▶ **Your instructions**: A word-for-word copy of the lines below, starting at the line with "Obraz premium easter" and ending at the last one, is what you should give. Omit every picture.

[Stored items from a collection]
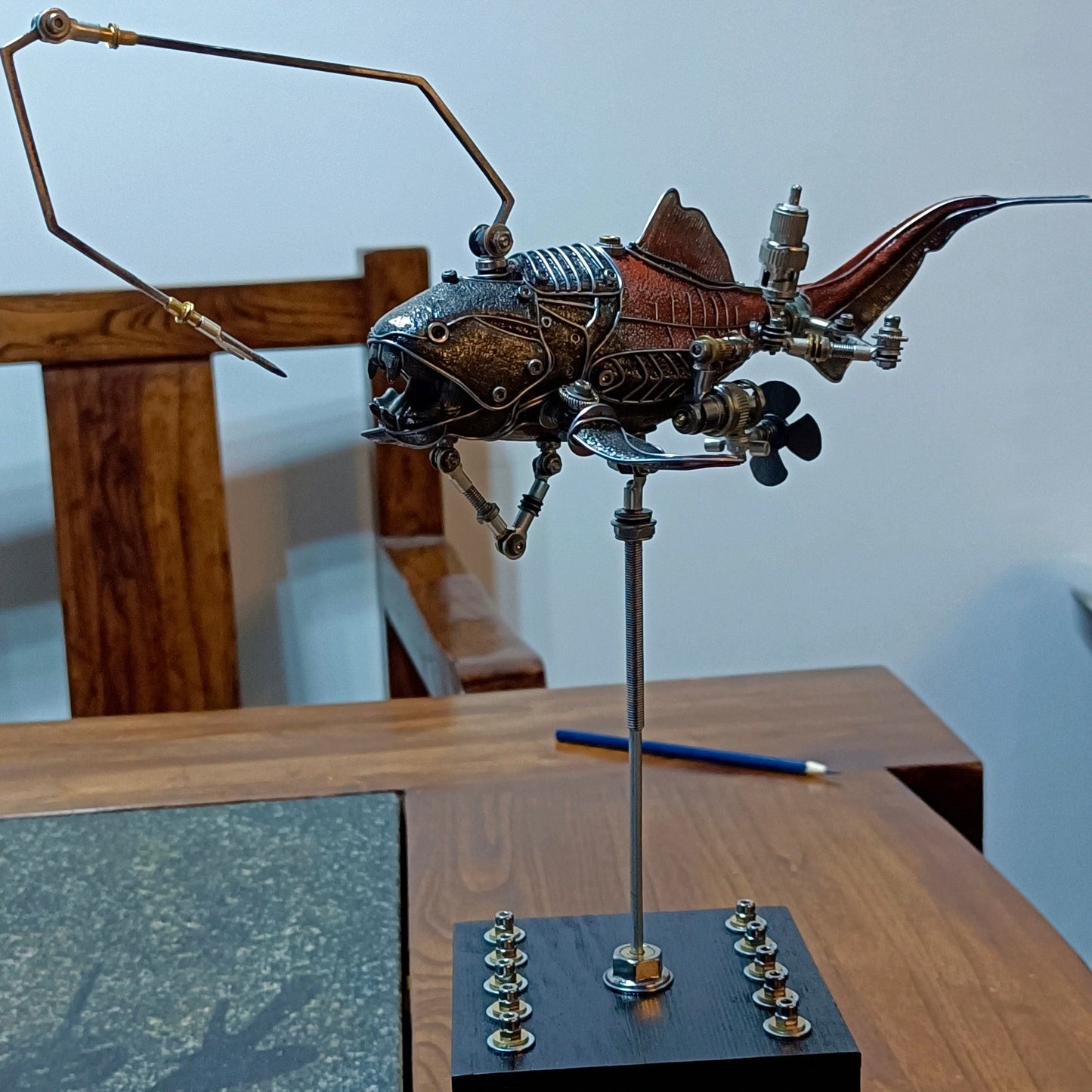 Modelo artesanal de Dunkleosteus de metal mecánico 3D Steampunk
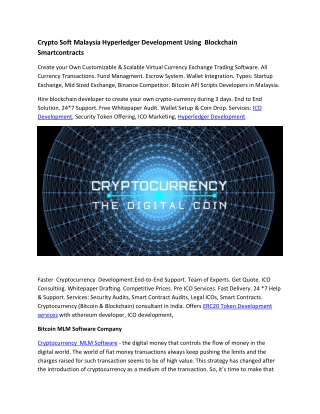 Crypto Soft Malaysia Hyperledger Development Using Blockchain Smartcontracts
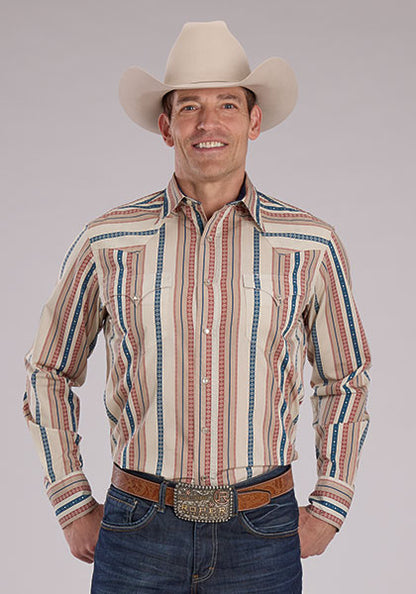 Roper Vertical Southwest Stripe Long Sleeve Snap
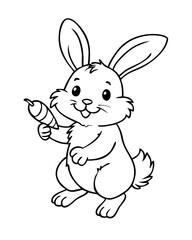 Obraz premium easter bunny cartoon drawing , colouring page outline art, coloring book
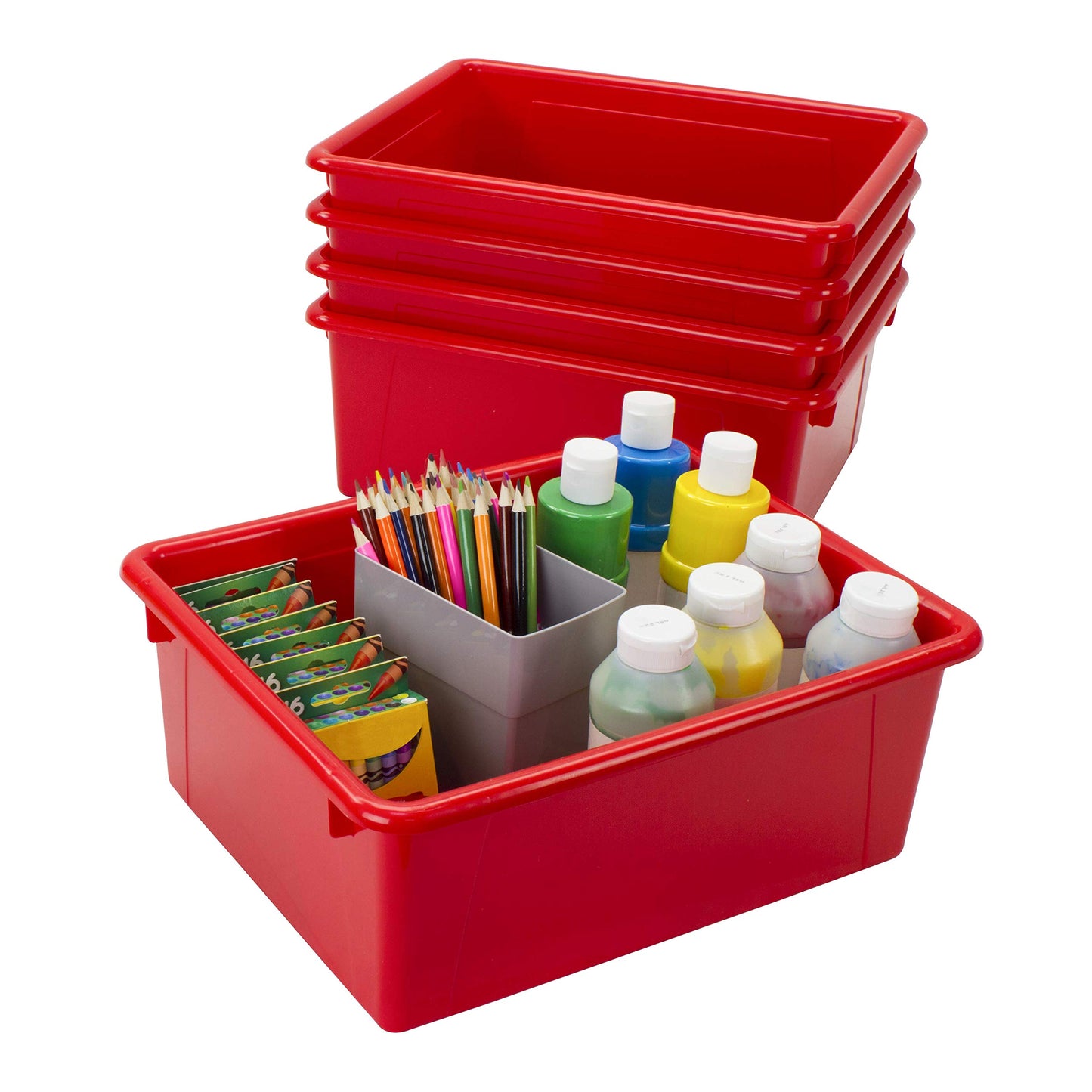 Storex Letter Size Deep Storage Tray – Organizer Bin with Non-Snap Lid for Classroom, Office and Home, Red, 5-Pack (62545A05C)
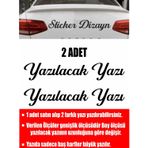 Sticker Usta Kişiye Özel Yazı - 2 Adet Isim Soyisim - Araba - Oto - Araç -Motosiklet - 00097 Siyah 12 Cm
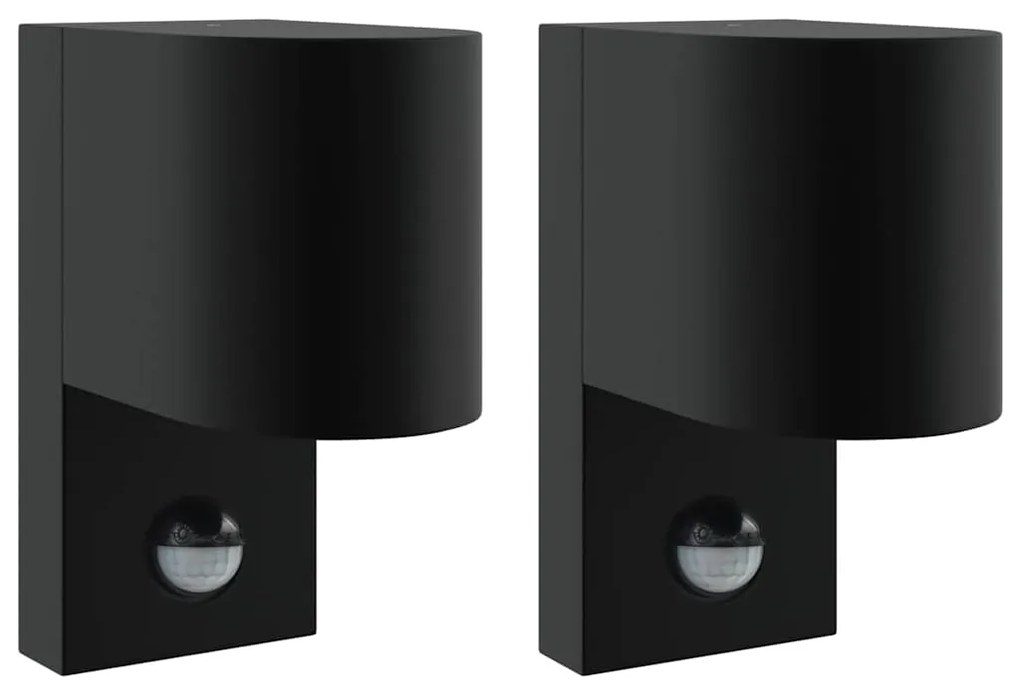 Luzes de Parede Externas com Sensor 2 pcs Preto Aço Inoxidável IP44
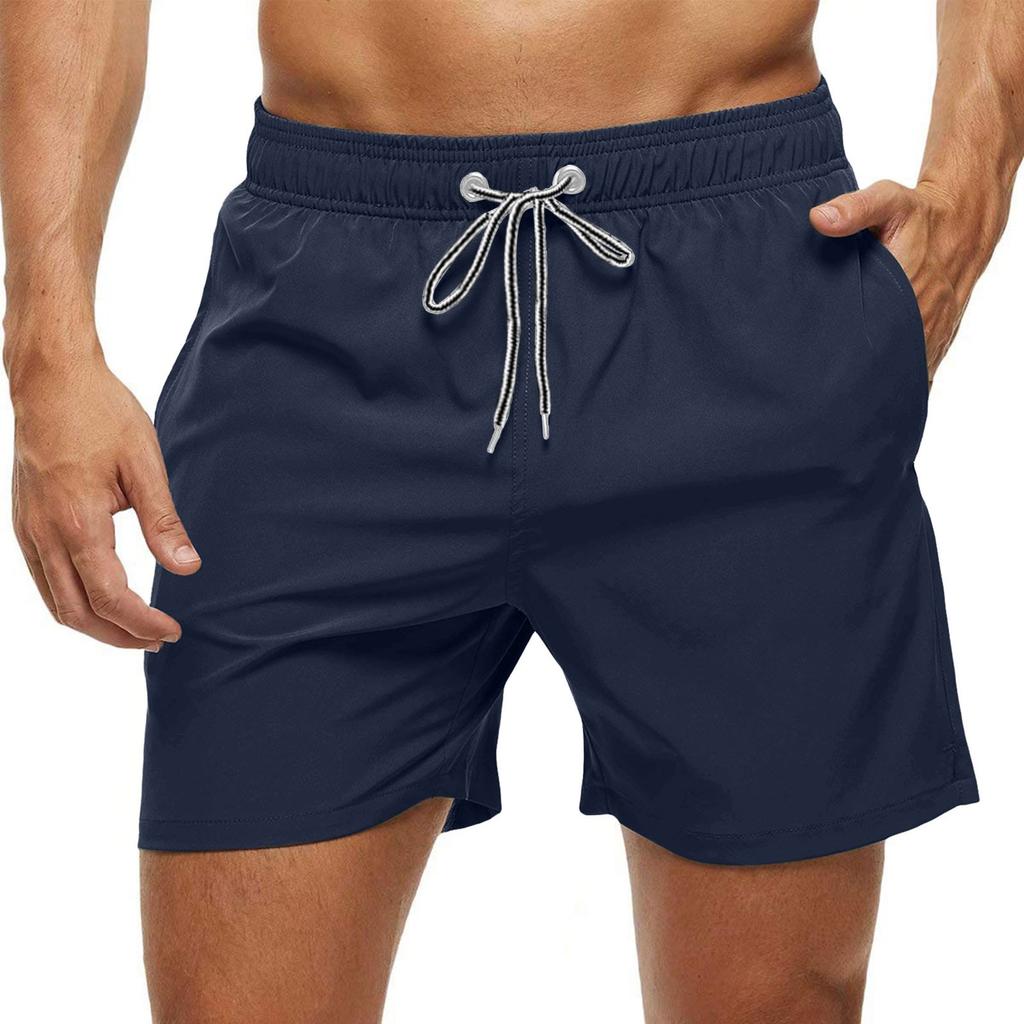 Men's Summer Color Quick-Drying Vacation Sports Shorts With Mesh Drawstring Swimming Trunks
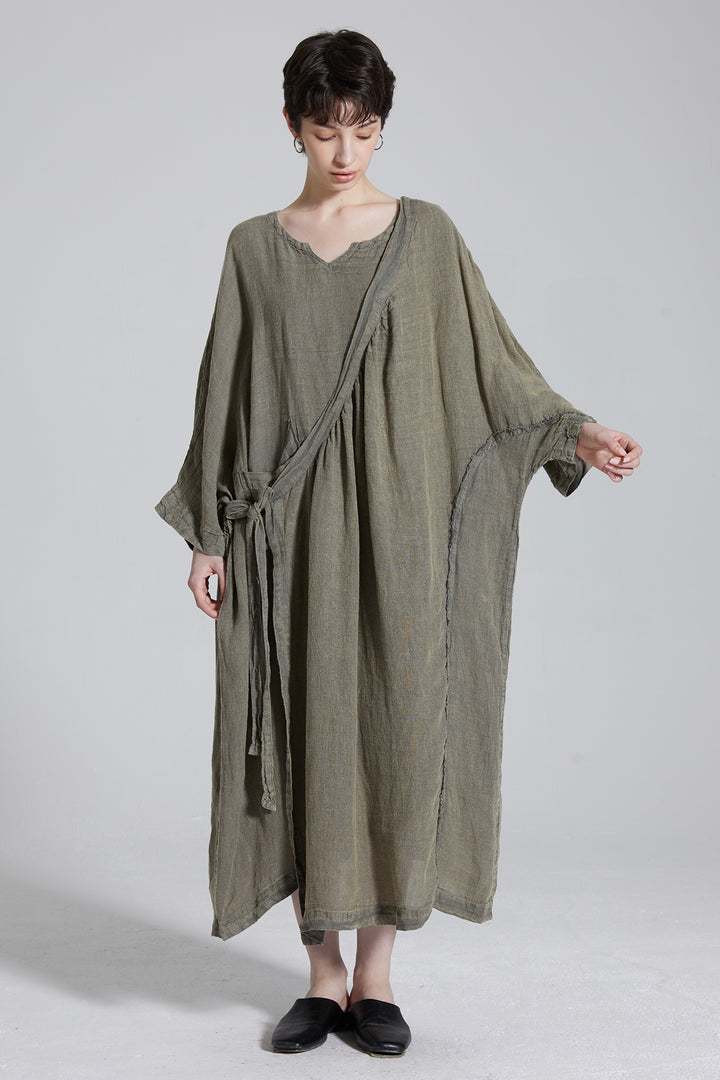 Kaleido Linen Casual Maxi Dress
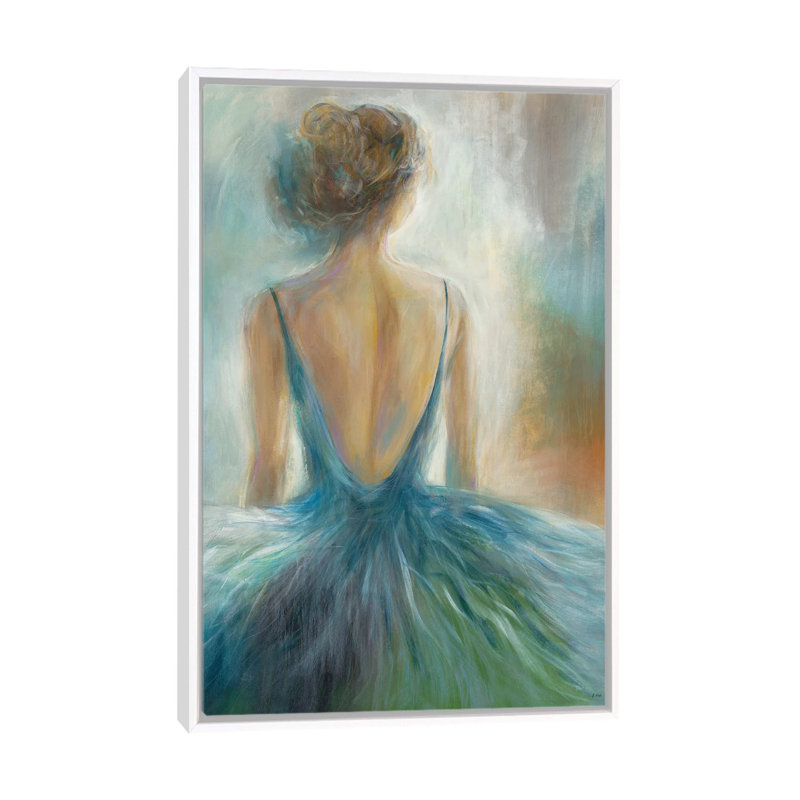 «Lady in Blue» par K. Nari - reproduction d'art, H 26 po x l 18 po x P 1,5 po, Toile blanche encadrée, Pas de tapis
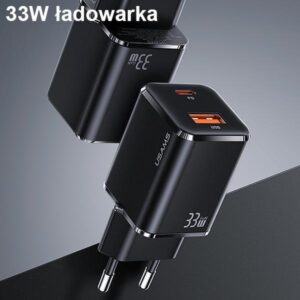 USAMS Laidinis įkroviklis 1xUSB-C+1xUSB T43 33W PD3.0 + QC3.0 + U63 cable USB-C to Lightning juodos spalvos USKT - Image 3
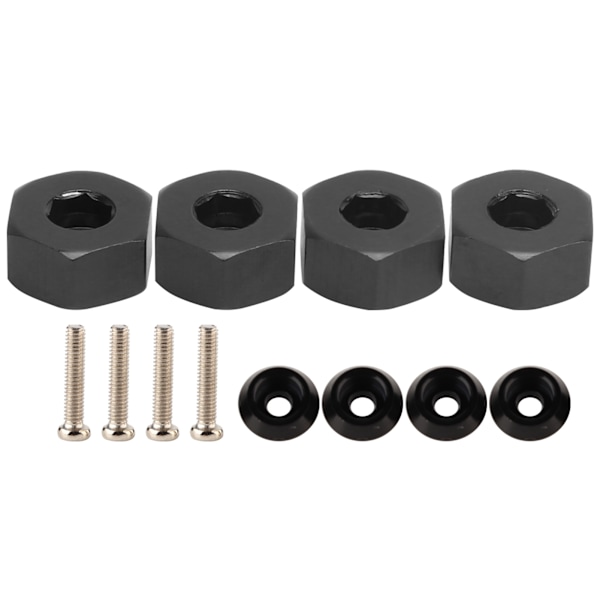 4st 5 mm till 12 mm kombinerhjulsnav Hexadapter tillbehör för WPL D12 1/10 RC Trucks Black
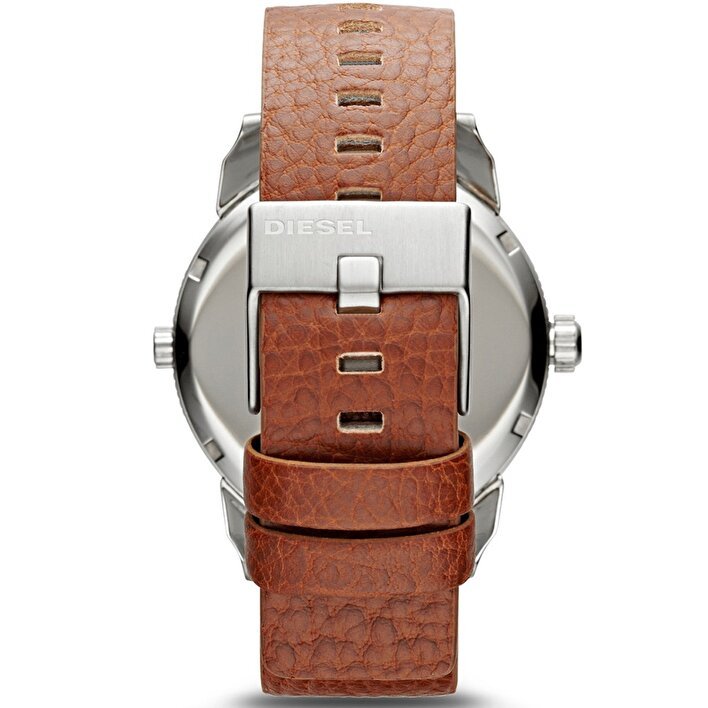 Diesel Mini Daddy Silver Dial Brown Leather Strap Watch For Men - DZ7309 Buy Now By Diesel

▶ **Result for this exercise**:
 Obraz premium easter bunny cartoon drawing , colouring page outline art, coloring book
 Storex Letter Size Deep Storage Tray – Organizer Bin with Non-Snap Lid for Classroom, Office and Home, Red, 5-Pack (62545A05C)
 Sticker Usta Kişiye Özel Yazı - 2 Adet Isim Soyisim - Araba - Oto - Araç -Motosiklet - 00097 Siyah 12 Cm
 Luzes de Parede Externas com Sensor 2 pcs Preto Aço Inoxidável IP44
 Men's Summer Color Quick-Drying Vacation Sports Shorts With Mesh Drawstring Swimming Trunks
 Kaleido Linen Casual Maxi Dress
 «Lady in Blue» par K. Nari - reproduction d'art, H 26 po x l 18 po x P 1,5 po, Toile blanche encadrée, Pas de tapis
 USAMS Laidinis įkroviklis 1xUSB-C+1xUSB T43 33W PD3.0 + QC3.0 + U63 cable USB-C to Lightning juodos spalvos USKT - Image 3
 4st 5 mm till 12 mm kombinerhjulsnav Hexadapter tillbehör för WPL D12 1/10 RC Trucks Black
 Diesel Mini Daddy Silver Dial Brown Leather Strap Watch For Men - DZ7309 Buy Now By Diesel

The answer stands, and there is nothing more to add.